Mother was a senior nurse in the St John's Ambulance service. Despite my stated desire to join the Scouts, own a knife, and dib dib around a camp fire, the family decision was that I should be trained to handle street accidents. Somehow a white belt lacked the glamour of neckerchief with woggle.
Friends in the Scouts were issued with a manual of animal tracks, camp song lyrics, and signs used by Indians; my little book detailed the bones of the human body. Should I pass a subsequent first aid questionnaire I would be entitled to wear a small folding cap on the side of my head. It looked like a paper boat. Friends wore a South African bush hat.
The meeting began with a small parade. Older, fully-uniformed members formed three straight lines and answered the roll call. ('Chin in, chest out, thumbs in line with seams of trousers'). I stood at one end and counted floorboards. Small groups then formed and questioned each other on procedures followed for various injuries. I became more interested during the mock-accident session in which a girl cadet lay on the ground to be bandaged with splints and other restrictions to movement. Anyone bandaged by me was certainly incapable of any movement, and was only released by others with difficulty.

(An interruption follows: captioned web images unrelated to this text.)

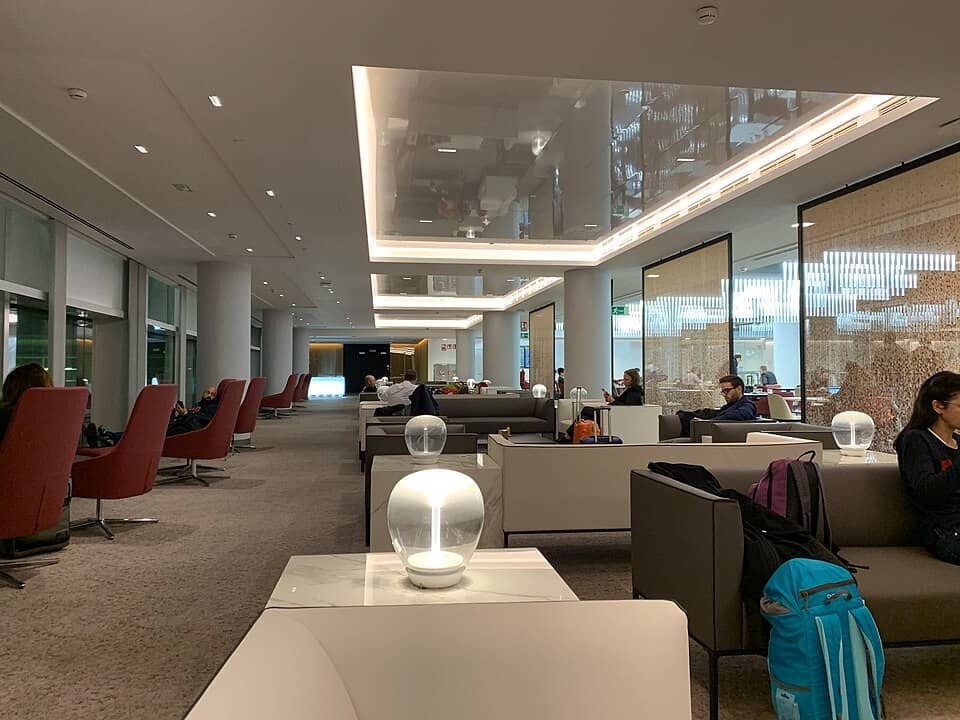 Top 8 Airport Lounges at Barcelona El Prat Airport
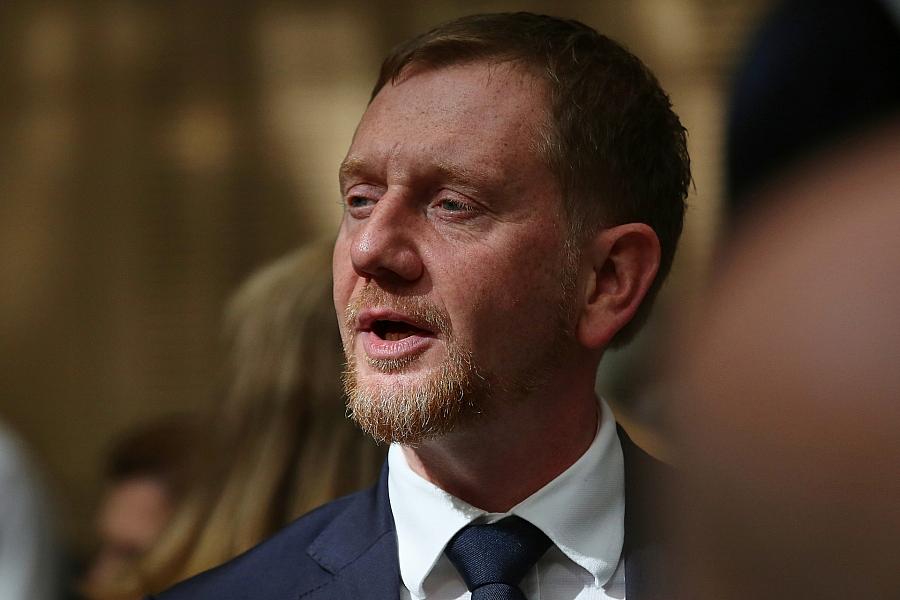 Sachsens Ministerpräsident Kretschmer kritisiert Brandmauer und fordert Gespräche mit allen Parteien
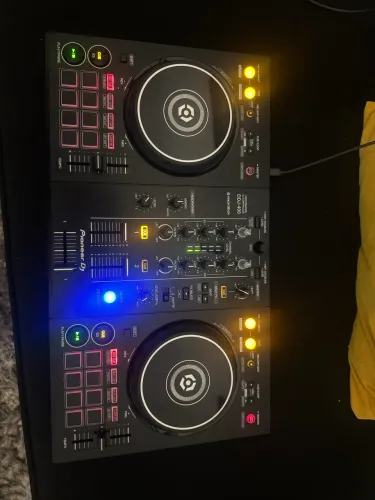 Controladora DJ -Pioneer DDJ-400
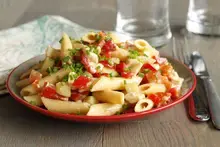 Salade de pâtes poivrons concombre et chèvre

My enthusiasm for this activity was noted by authority, and I was delegated responsibility for rewinding bandages. Most of the bandages used in practice were huge triangular shapes, but the familiar ribbon bandages were also used, and there was a small machine available to rewind them.
This apparatus incorporated several wooden gears which did not appear to function efficiently, suggesting the need for a small adjustment. Mistake. With some assistance, I eventually managed to recover most of the component items and attempted reassembly of the machine.
Asked later by my mother whether I had enjoyed my first evening, I was I think, non-committal. By the following week there was no suggestion that I attend, and a career in first aid was never again mentioned.
By unspoken agreement, neither were the Scouts.